Only the custom output network receives gradients. The validation loss is computed through the same frozen features, so it measures whether the dog-breed head is generalizing:

def loss_fn(logits, labels):
    return optax.softmax_cross_entropy_with_integer_labels(logits, labels)

@nnx.jit
def extract_features(backbone, X_batch):
    """Frozen ResNet-50 forward (on GPU) -> pooled 2048-d features."""
    return backbone.features(jnp.asarray(X_batch))

def precompute_features(backbone, data_iter):
    """Run the frozen backbone (on GPU) over the whole dataset and cache the
    (features, labels) tensors as JAX arrays. Subsequent training only
    iterates the small classifier head over these cached features."""
    feats_list, labels_list = [], []
    for features, labels in data_iter:
        f = extract_features(backbone, features.numpy())
        feats_list.append(np.asarray(f))
        labels_list.append(labels.numpy())
    feats = jnp.array(np.concatenate(feats_list, axis=0))
    labels = jnp.array(np.concatenate(labels_list, axis=0))
    return feats, labels

def evaluate_loss_from_feats(feats, labels, output_net, batch_size):
    l_sum, n = 0.0, 0
    for i in range(0, feats.shape[0], batch_size):
        fb = feats[i:i + batch_size]
        yb = labels[i:i + batch_size]
        logits = output_net(fb)
        l = loss_fn(logits, yb)
        l_sum += float(l.sum())
        n += int(yb.shape[0])
    return l_sum / n

Training function

The helper is mostly framework bookkeeping. The training structure is:

precompute frozen ImageNet features;
train the 120-way head with cross-entropy;
report validation loss on held-out breeds;
repeat on all training data before writing the submission file.

That is the practical transfer-learning tradeoff: far less memory and time, while keeping most ImageNet visual knowledge.

Train

Expect validation loss to be the useful curve here; with 120 fine-grained classes, top-line accuracy can be noisy on the tiny book subset. On the full competition data, train longer and tune the head/augmentation strength.

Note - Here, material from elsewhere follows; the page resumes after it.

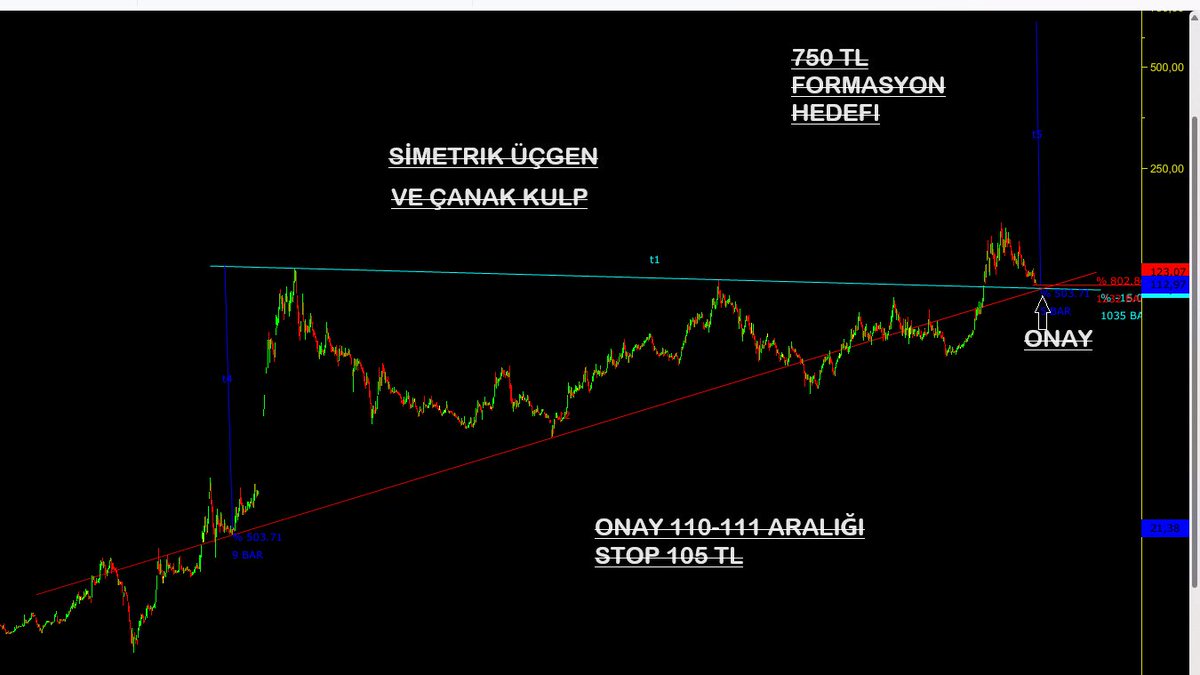 askida2022's tweet image. #KARTN #KARTON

num_epochs, lr, wd = 10, 1e-4, 1e-4
lr_period, lr_decay = 2, 0.9
backbone, output_net = get_net()
output_net = train(backbone, output_net, train_iter, valid_iter, num_epochs,
                   lr, wd, lr_period, lr_decay)

train loss 4.282, valid loss 4.365
2032.5 examples/sec

Submit predictions

Write one probability vector per test image. The CSV has image id plus 120 breed probabilities, so the final layer must stay aligned with the competition’s class order:

backbone, output_net = get_net()
output_net = train(backbone, output_net, train_valid_iter, None, num_epochs,
                   lr, wd, lr_period, lr_decay)

preds = []
for data, label in test_iter:
    feats = extract_features(backbone, data.numpy())
    logits = output_net(feats)
    output = jax.nn.softmax(logits, axis=-1)
    preds.extend(np.array(output))
# Get class names from the train_valid dataset directory
class_names = sorted(os.listdir(
    os.path.join(data_dir, 'train_valid_test', 'train_valid')))
ids = sorted(os.listdir(
    os.path.join(data_dir, 'train_valid_test', 'test', 'unknown')))
with open('submission.csv', 'w') as f:
    f.write('id,' + ','.join(class_names) + '\n')
    for i, output in zip(ids, preds):
        f.write(i.split('.')[0] + ',' + ','.join(
            [str(num) for num in output]) + '\n')

train loss 4.198
4580.3 examples/sec

Recap

ImageNet Dogs ⊂ ImageNet → fine-tuning a pretrained CNN crushes from-scratch training.
Standard recipe: pretrained backbone, new 120-way head, ImageNet-scale augmentation, ImageNet-compatible preprocessing.
Same shape as the CIFAR-10 deck; only the dataset and the choice “train from scratch vs fine-tune” differ.
The general lesson: when your task is close to the pretraining domain, transfer learning beats everything.